L_d \approx 2 \cdot L_{a a}=60.33 \mathrm{mH} .The synchronous reactance of the round-rotor machine is
X_S=\omega L_d=\omega L_S=22.74 \Omega (E4.2-12)
The base voltage is
V_{\text {base }}=\frac{V_{L-L}}{\sqrt{3}}=V_{\text {phase }}=7,967 \mathrm{~V} \text {. } (E4.2-13)
The base apparent power is per phase
S_{\text {base }}=S_{\text {phase }}=\frac{S_{\text {rat }}}{3}=5.33 \mathrm{MVA} (E4.2-14)
and the base current is
I_{\text {base }}=I_{\text {phase }}=\frac{S_{\text {base }}}{V_{\text {base }}}=669 \mathrm{~A} . (E4.2-15)

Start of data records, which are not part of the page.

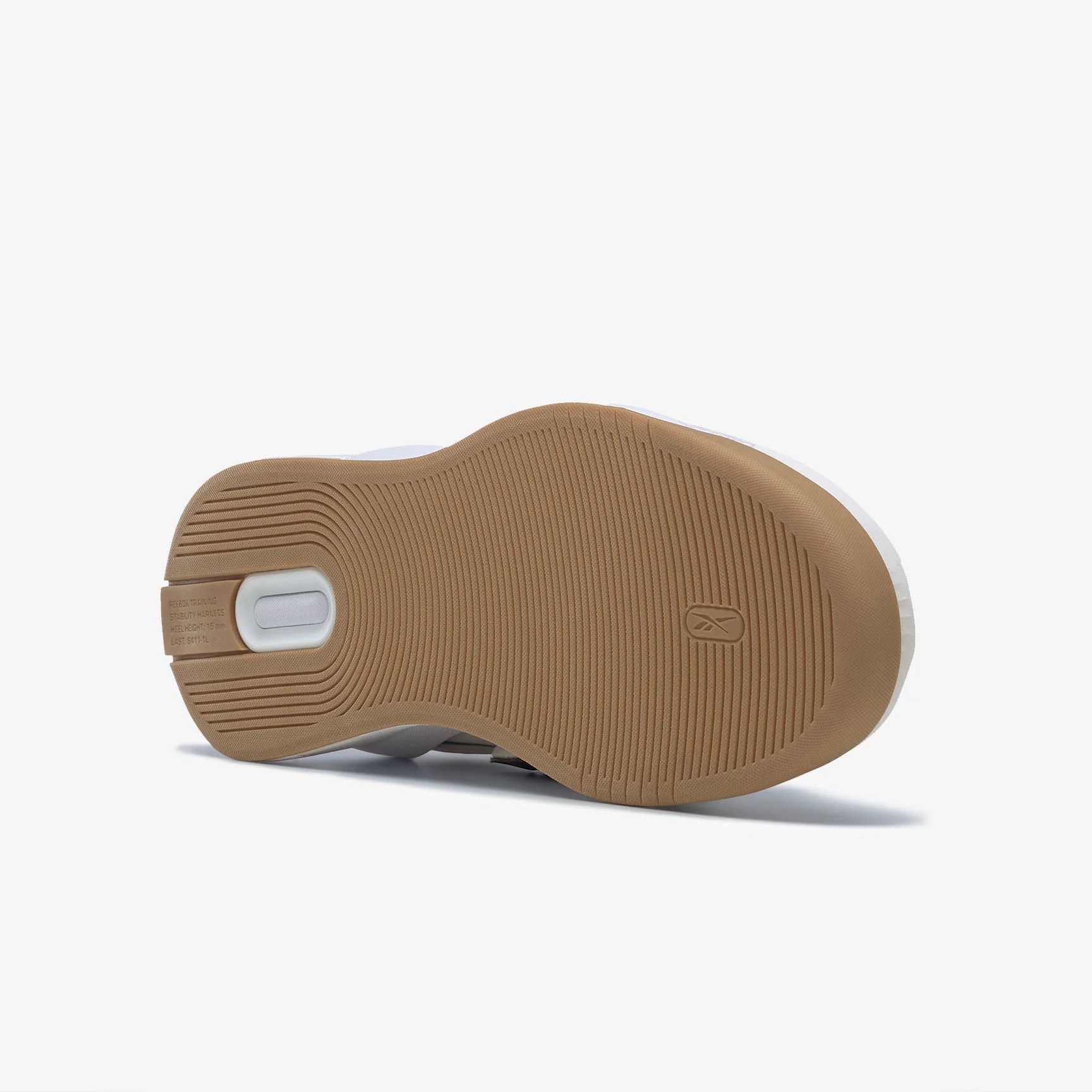 REEBOK LIFTER PR III - Image 7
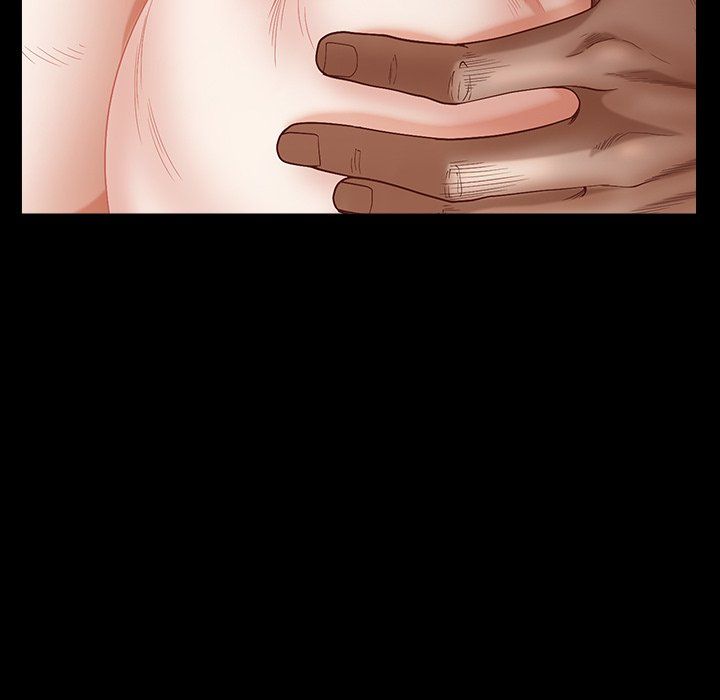 Snare Manhwa - Chapter 4 Page 25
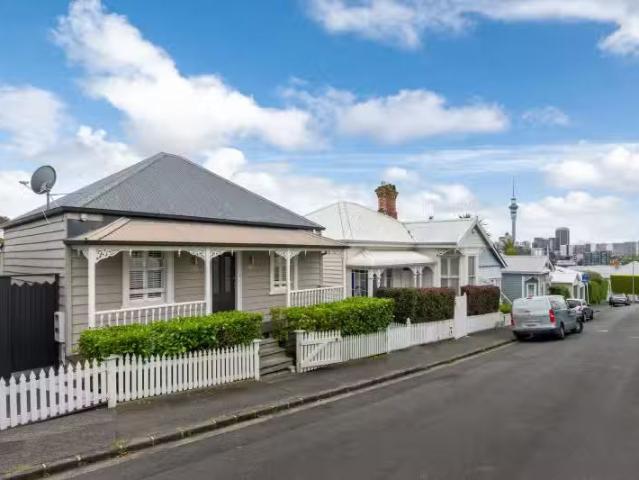 House for sale in Owhata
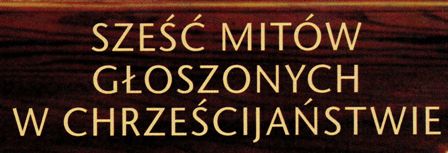 Strażnica 1 listopada 2009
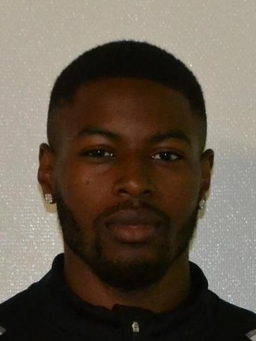 Avatar Bild für Lesley Kusi Karschau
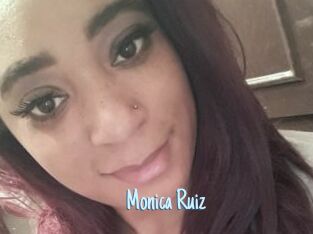 Monica_Ruiz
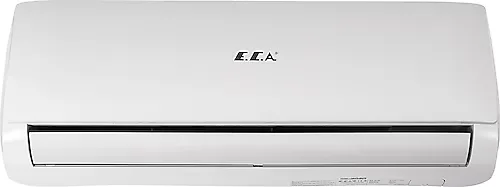 E.C.A. Spylos Pro ESA1512A100 A++ 12000 BTU Inverter Duvar Tipi Klima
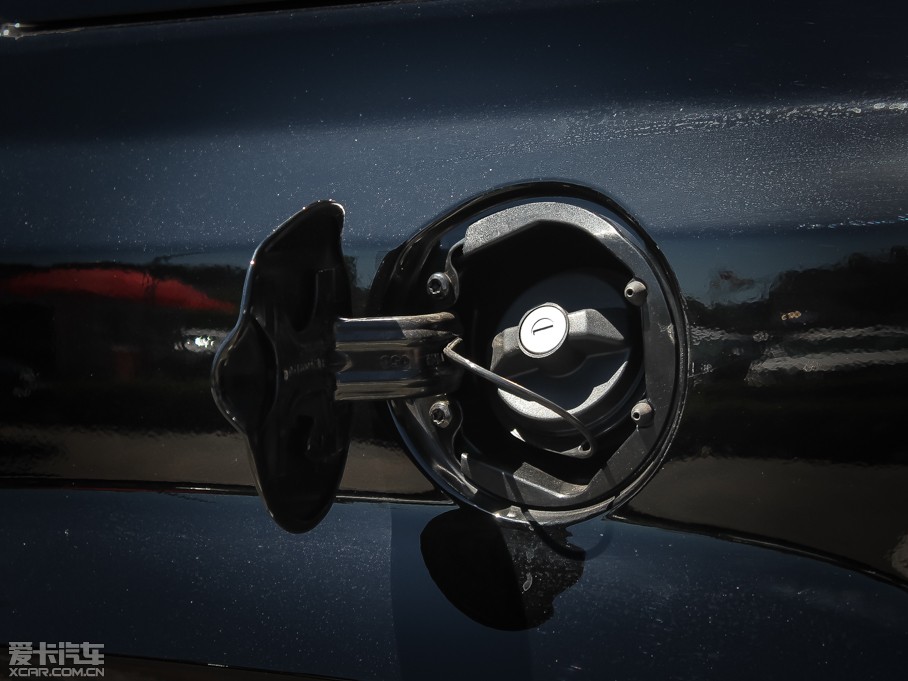 2014ɿ 2.0L (q)\(yn)(dng)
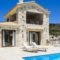 Villa Ydria_accommodation_in_Villa_Ionian Islands_Kefalonia_Kefalonia'st Areas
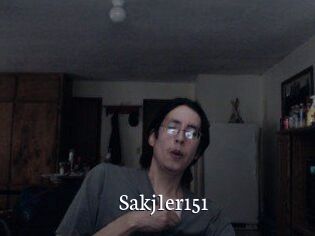 Sakjler151 Gratis xxx Clips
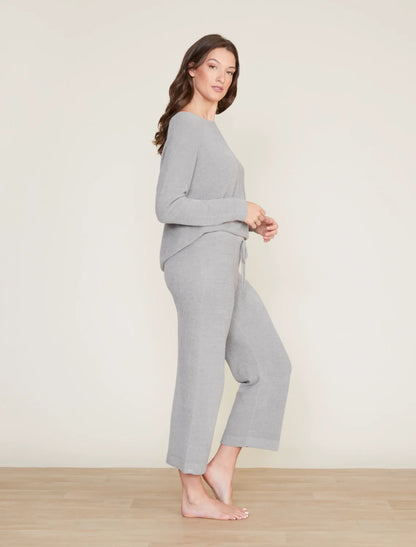 Dove Gray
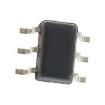 SS2003M-TL-E Schottky Diodes & Rectifiers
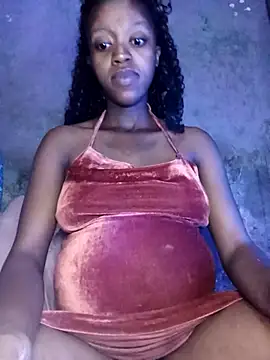 DaddysBigBelly online show from March 15, 7:16 pm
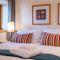 Close To Beach And Dartmouth With Parking - Stoke Fleming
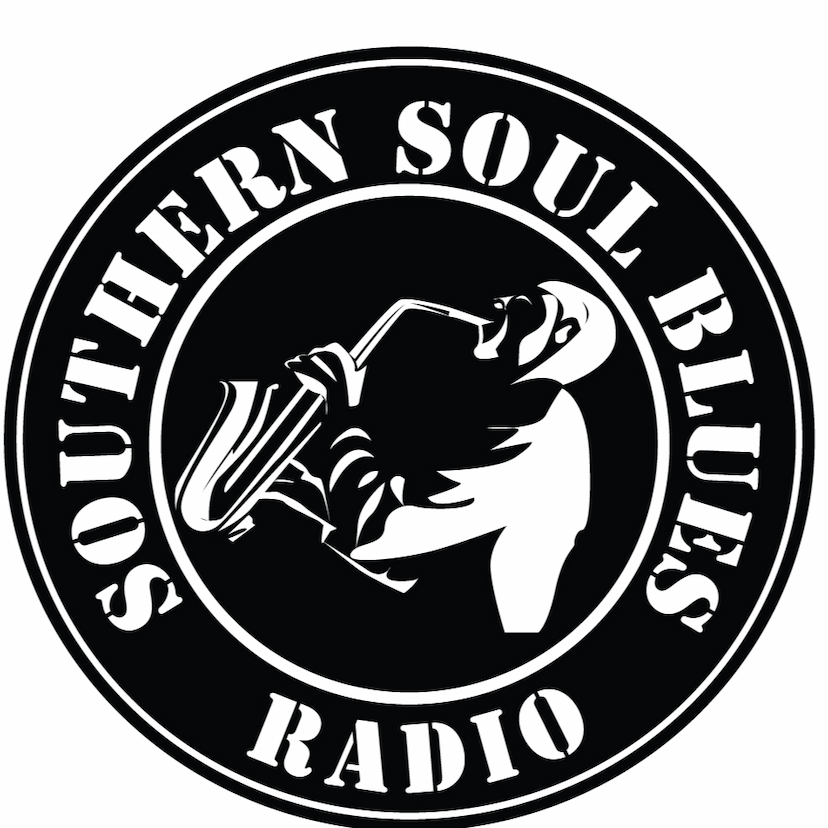 Southern Soul Blues Radio LLC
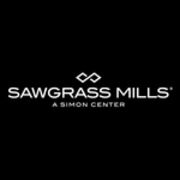 Sawgrass Mills - 02.05.16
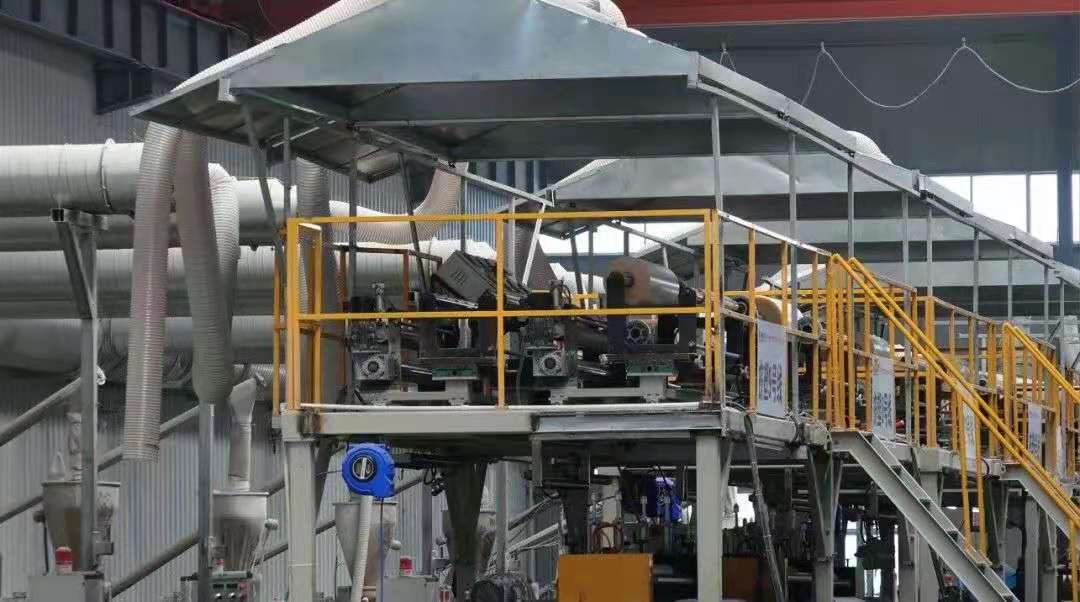danyang manufacturing base_131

h) Find the base impedance Z_{base} expressed in ohms. The base impedance becomes
Z_{\text {base }}=\frac{V_{\text {base }}}{I_{\text {base }}}=11.9 \Omega . (E4.2-16)
i) Express the synchronous reactance X_S in per unit (pu). The per-unit synchronous reactance is now
X_S^{p u}=\frac{X_S}{Z_{\text {base }}}=\frac{22.74}{11.9}=1.91 \mathrm{pu} . (E4.2-17)